A Woman's Fate
Solitude Victor Català (Caterina Albert)
Translation David H. Rosenthal
Although written under the masculine pseudonym Victor Català, this work by Caterina Albert undoubtedly constitutes the starting point of the exploration of female identity by female writers in modern Catalan literature – prefiguring the work of later and better-known British women writers such as Virginia Woolf and Doris Lessing.
For such poetic intensity, mythic richness, and psychological insight, Solitude deserves to be listed with the great novels of its era
David H. Rosenthal, Preface of Solitude
Solitude tells the story of Mila, a peasant girl who makes the mistake of marrying an ineffectual if guileless fellow called Matias and going to live with him in a hermitage high in the mountains. ‘A child of the lowland plains, barren for want of hands, water and fertilizer,’ Mila at first finds the dramatic vistas overwhelming. Gradually, however, she adjusts to the ‘huge, silent mountains that slope into the quiet dusk, which envelopes them in shadow like a darkening cloud,’ as well as to the harsh, wintry life of the ancient complex where she and Matias serve as caretakers.
She will later come down from this mountain retreat alone, mature, and transformed.
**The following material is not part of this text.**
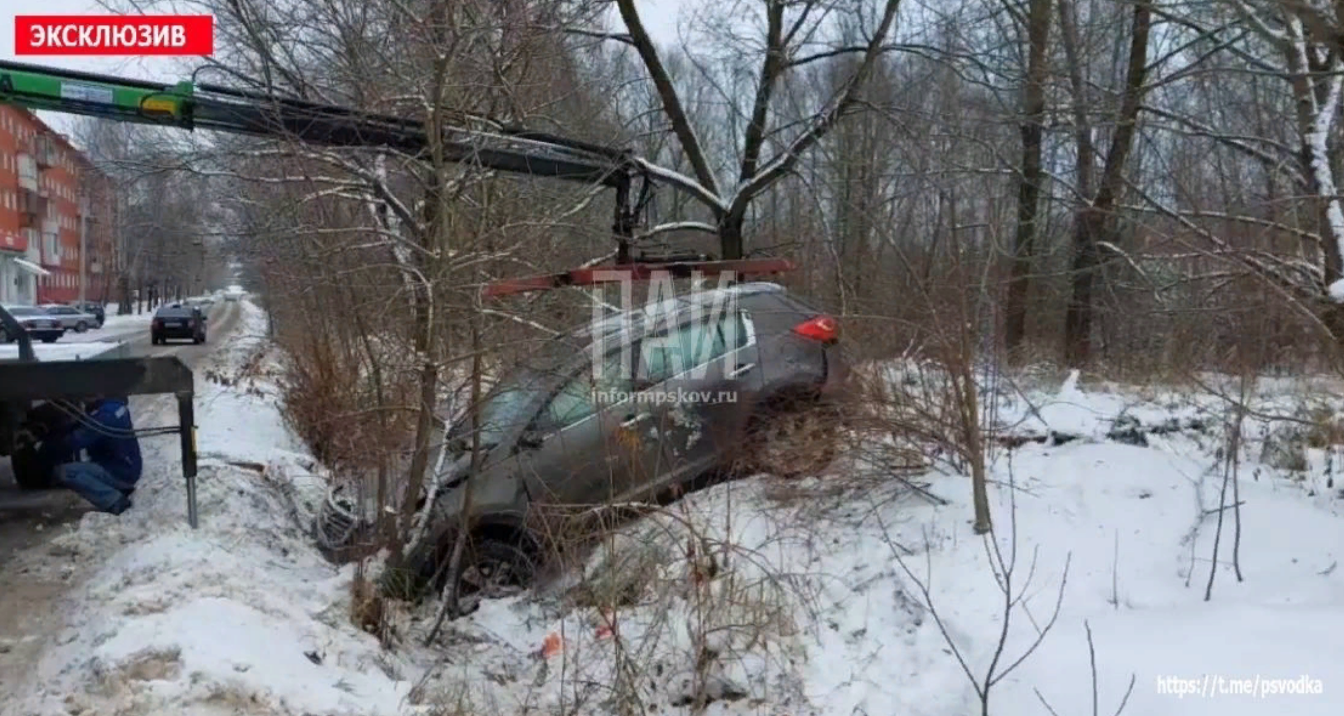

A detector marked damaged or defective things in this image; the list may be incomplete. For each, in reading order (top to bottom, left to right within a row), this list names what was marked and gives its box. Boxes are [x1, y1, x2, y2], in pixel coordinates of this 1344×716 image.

The ruggedness of the countryside plays an important role in this novel, even to the point of becoming one of its characters – one that interacts intensely with the protagonist and evinces her increasing physical and moral solitude. In her exposed state on the mountain, Mila will also obtain first-hand knowledge of life’s two great forces: good, in the character of old Gaietà, the shepherd, and evil, personified by l’Ànima.